We’ve seen how animated logistic maps are generated in the example here, but equally, the animated plots could be other systems which we are trying to describe in the time domain, or systems we’re trying to describe in an elaborate way, especially when many parameters are involved. Linear and nonlinear systems aside, we also have to deal with nonlinear and dynamical systems in real life. Good examples are weather systems, stock markets, and the behaviours of many complex systems which have many variables, many interactions, although simple rules. Logistic maps can tell us, based on simplified representations of our data, about the regimes of chaos and order in the behaviour of the system, and what to expect. In this sense, they can be used in cases where it is known that we’re dealing with nonlinear and dynamical systems.

Comparing Non-Normal Data Graphically and with Non-Parametric Tests

Not all data in this world is predictable in the exact same way, of course, and not all data can be modeled using the Gaussian distribution. There are times, when we have to make comparisons about data using one of many distributions that represent data which could show different patterns other than the familiar and comforting “bell curve” of the normal distribution pattern we’re used to seeing in business presentations and the media alike.

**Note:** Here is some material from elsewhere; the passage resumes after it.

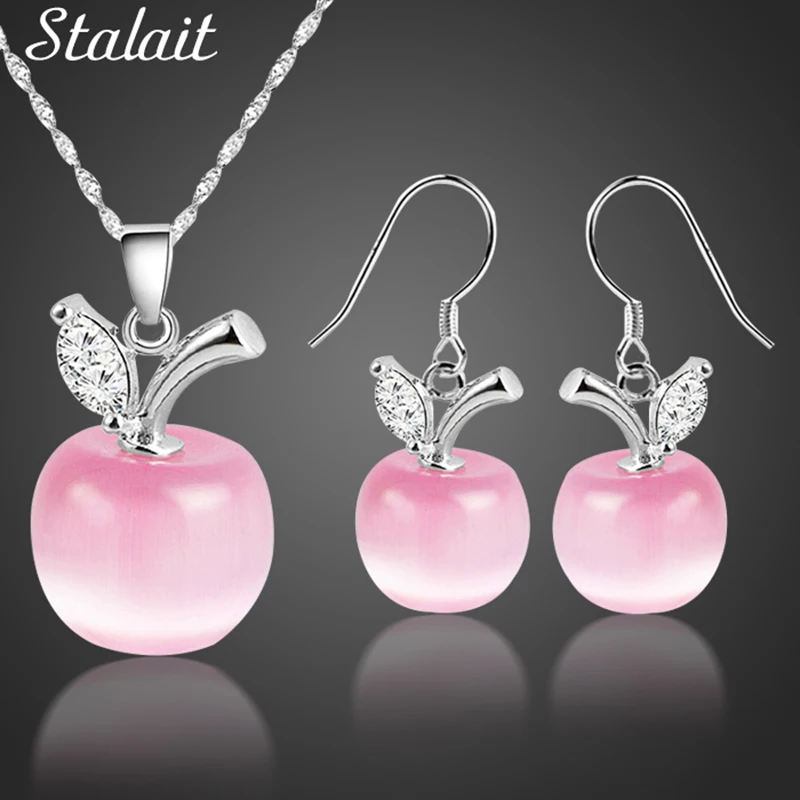 Комплект из колье и серёг с подвеской в виде яблока|necklace earrings jewelry set|fashion setjewelry sets |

For instance, here’s data from the Weibull distribution, plotted using different shape and scale parameters. A Weibull distribution has two parameters, shape and scale, which determine how it looks (which varies widely), and how spread out it is.


shape <- 1
scale <- 5
x<-rweibull(1000000,shape,scale)
hist(x, breaks = 1000, main = paste("Weibull Distribution with shape: ",shape,", and scale: ",scale))
abline (v = median(x), col = "blue")
abline (v = scale, col = "red")

2015-08-22 18_04_01-Action center

Shape = 1; Scale = 5. The red line represents the scale value, and the blue line, the median of the data set.

Here’s data from a very different distribution, which has a scale parameter of 100.

2015-08-22 18_07_12-New notification

Shape = 1; Scale = 100. Same number of points. The red and blue lines mean the same things here too.

The shape parameter, as can be seen clearly here, is called so for a good reason. Even when the scale parameter changes wildly (as in our two examples), the overall geometry of our data looks similar – but of course, it isn’t. The change in the scale parameter has changed the probability of an event x ->0 towards the lower end of the x range (closer to zero), compared to an event x>>>0 further away. When you superimpose these distributions and their medians, you can get a very different picture of them.

If we have two very similar data sets like the data shown in the first graph and the data in the second, what kinds of hypothesis tests can we use? It is a pertinent question, because at times, we may not know that a data set may represent a process that can be modeled by a specific kind of distribution. At other times, we may have entirely empirical distributions represented by our data. And we’d still want to make comparisons using such data sets.

shape <- 1
scale1 <- 5
scale2<-scale1*2
x<-rweibull(1000000,shape,scale1)
xprime<-rweibull(1000000,shape,scale2)
hist(x, breaks = 1000, border = rgb(0.9,0.2,0.2,0.2), col = rgb(0.9,0.2,0.2,0.2), main = paste("Weibull Distribution different shape parameters: ",shape/100,", ", shape))
hist(xprime, breaks = 1000, border = rgb(0.2,0.9,0.2,0.2), col = rgb(0.2,0.9,0.2,0.2), add = T)
abline (v = median(x), col = "blue")
abline (v = scale, col = "red")

Different scale parameters. Red and blue lines indicate medians of the two data sets.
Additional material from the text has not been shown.